**Your assignment:** Only the lines from the one holding "There are also" to the end of the data should be echoed, exactly as they appear, minus the pictures.

*** Opening Collected material ***

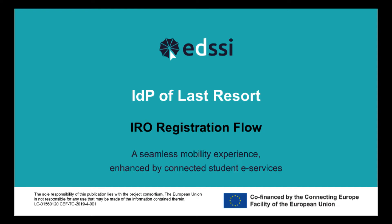Hello. In this demo, you will see the registration flow for international relations officers. When a higher education institution is onboarded on the MyAcademicID IDP of last resort, each contact for this institution receives an invitation email to register as an IRO on the platform.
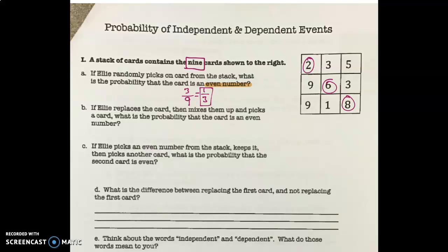Letter C: If Ellie picks an even number from the stack, she keeps it — she doesn't put that back — then picks another card. What is the probability that the second card is even? The real question is about the second card. We did examples where we multiply two probabilities together, but that's not what this question is asking. It's asking you to pick one first, keep that card, and it's only asking specifically about the second card. An even number from the stack is three-ninths on your first draw.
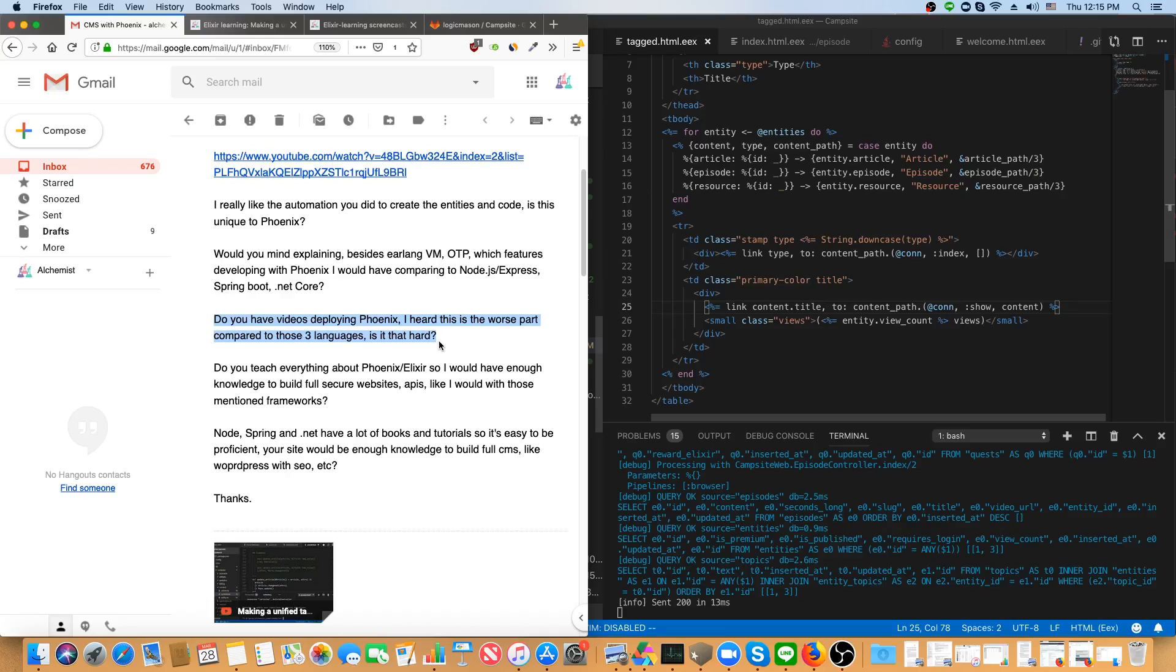There are also some tools built into Elixir to help you with deployment. Like you can build releases with something called distillery. You can also use another tool called edeliver to send those releases to your server. I do have videos that cover this.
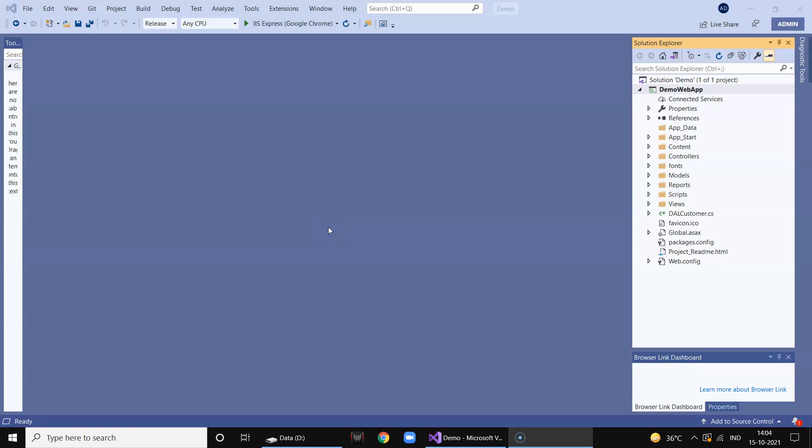Hi guys, welcome to Digital Tech Joint. In this session we are going to deploy our web application developed in ASP.NET Core in our local IIS server, that means local web server. We will follow two methods and I'll show you step by step procedure in deploying the same.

*** Closing Collected material ***

**Answer space:**
There are also some tools built into Elixir to help you with deployment. Like you can build releases with something called distillery. You can also use another tool called edeliver to send those releases to your server. I do have videos that cover this.
Hi guys, welcome to Digital Tech Joint. In this session we are going to deploy our web application developed in ASP.NET Core in our local IIS server, that means local web server. We will follow two methods and I'll show you step by step procedure in deploying the same.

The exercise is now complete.